Kia ora rā, I think it’s really important in terms of us as a nation of Aotearoa, the relationship (or the partnership, if you like) between us as a tribal people and the Crown, in terms of how our nation became. But within curriculum what’s really important is for school leaders and kaiako to know their community, and know their Māori community. Know where their tamariki Māori, particularly, are coming from and the relationship they have with that place. So it may fan out wider than just the whānau. It may be amongst the hapū or the tribal area. Schools should really know where they’re located, what tribal area they’re located in, rivers, and those sorts of narratives that are important, so pepeha and all that sort of thing. You know, I think, that’s really the basis of the Tiriti o Waitangi as a principle with curriculum within schools.

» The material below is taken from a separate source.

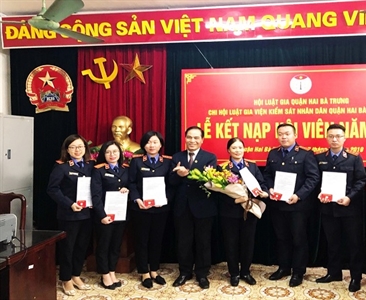 Lễ kết nạp hội viên Chi hội Luật gia Viện KSND quận Hai Bà Trưng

The Treaty applies to us as a nation. So whether we’re based down in the bottom of the South Island, where maybe cultural or Māori things aren’t as evident, right to the tip of the North Island. Everybody should, and every school should have a relationship with their tribal folk because the reality is that they are based in a tribal area that has a tribal history, it has a whakapapa, it has stories, it has narratives, and they can add value to curriculum. They can add value in terms of narratives, and stories, and things that the kids can learn about. The kids will know that they’ve got a river and it has a story that’s not just a recent story, it’s an ancient story. So I think there’s lot of ways that principle or that partnership can play out. What’s really critical for school leaders, and kaiako, and parents, is that they get to know who those tribal entities, or iwi, or hapū are. And start with the community within the school. If they’ve got one Māori whānau or a number of Māori whānau within their kura then that’s the place they should start. Those whānau may know tribal elders or people that they would respect and know how to communicate out past the school community. So that's really the crucial place to start.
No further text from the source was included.